La racine du mot " fidélité " est fides, ce qui veut dire la foi. Ce mot fides a donné aussi fiancé, confidence, fiable, se fier à, confiance (ensemble croire) fidélité, etc... Ainsi la fidélité est l'acte par lequel se décide une confiance.
Seigneur, augmente en nous la foi ! Les apôtres avaient vu des dizaines de malades bondir de joie après leur guérison miraculeuse, ils avaient vu les pains et les poissons se multiplier. Ainsi devant Jésus, les tempêtes s'apaisent, les esprits mauvais sont mis en déroute, et même des morts ressuscitent…Et ce sont ces apôtres-là, qui demandent à Jésus d’augmenter en eux la foi.
Avoir la foi, ce n'est admettre des vérités, mais d'abord se fier à Dieu, et justement « quand on est dans le tunnel ». Croire, c’est faire confiance à Dieu, lui rester fidèle, malgré toutes les apparences contraires.
Dans notre monde où, comme dans la vision d'Habacuc, règnent violence et pillage, discordes et disputes, la foi devine, derrière les évidences contraires, la présence de l'amour qui germe dans l'obscurité de la terre. La foi ne se mesure pas. Être croyant, ce n’est pas avoir la foi ou la posséder. Elle est un saut dans la confiance envers le Père des cieux devant qui elle intercède.
La foi, on ne l'acquiert pas dans les livres, mais on la reçoit gratuitement dans un vis-à-vis avec l'Invisible. Être croyant, c’est être, c’est devenir. La foi ne se dose pas, elle se vit.
Déracine-toi et va te planter dans la mer. La réponse du Christ de l’Evangile est plutôt déconcertante :
« Le Seigneur répondit : La foi, si vous en aviez gros comme une graine de moutarde, vous diriez au grand arbre que voici : Déracine-toi et va te planter dans la mer ; il vous obéirait ». L’arbre dont il est question ici est un sycomore. Un horticulteur m’a affirmé qu’il a de telles racines qu’il peut vivre plus de six siècles. Et voilà qu’il se libérerait lui-même de ses assises dans la roche, pour aller se planter non seulement ailleurs, mais dans la mer !

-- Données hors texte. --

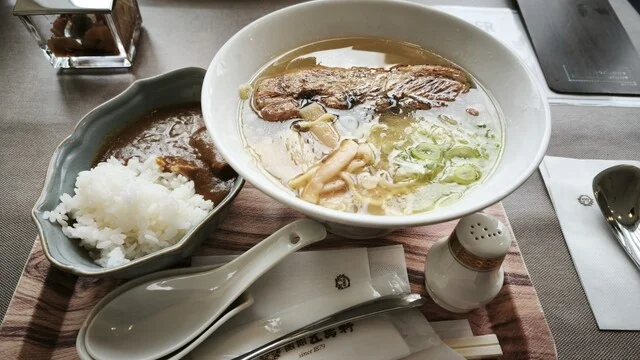 函館カレー エクスプレス 五稜郭タワー店（函館カレー EXPRESS） - 五稜郭公園前（カレー）の写真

Il y a deux petites clés dans ce verset : La foi, il en faut très peu pour faire de grandes choses et pour preuve, la graine de moutarde est la plus petite de toutes les semences.
La mer est le symbole des forces du mal et de la mort ; y planter un arbre, c’est faire surgir le bien du mal, la vie de la mort... C’est ce qu’il y a de plus grand à faire. Demander à Dieu de déraciner un grand arbre et de le planter dans la mer, c'est demander à Dieu de faire surgir la vie, l'amour, dans tous nos espaces de ténèbres, de péché, de mort qui obscurcissent le cœur de l'homme.
Inutiles. Dieu est au cœur même de la détresse humaine, au cœur de ma détresse personnelle. Il n'est pas du côté de la force ou de la toute-puissance, il n'est pas le maître qui commande à ses serviteurs qui n'auraient qu'à obéir, il n'est pas dans le pouvoir et la domination. Il est au creux de nos misères. Aux yeux de Dieu, nous sommes des serviteurs quelconques, de simples serviteurs, c’est-à-dire inutiles. Inutiles parce tout vient de Dieu, parce que tout nous est donné gratuitement. Aucune « œuvre » ne nous donnera droit à quelque récompense. Tout est grâce, gratuit. Nous sommes des serviteurs quelconques. Plus de confiance en Dieu nous préservera de trop de foi en nous-mêmes. Plus d'humilité nous fera compter davantage sur la force de Dieu.
Inutiles, et c’est là le paradoxe, mais indispensables pour que le Royaume de Dieu advienne sur la terre.
Soyons des inutiles qui sont riches du regard que Dieu pose sur nous.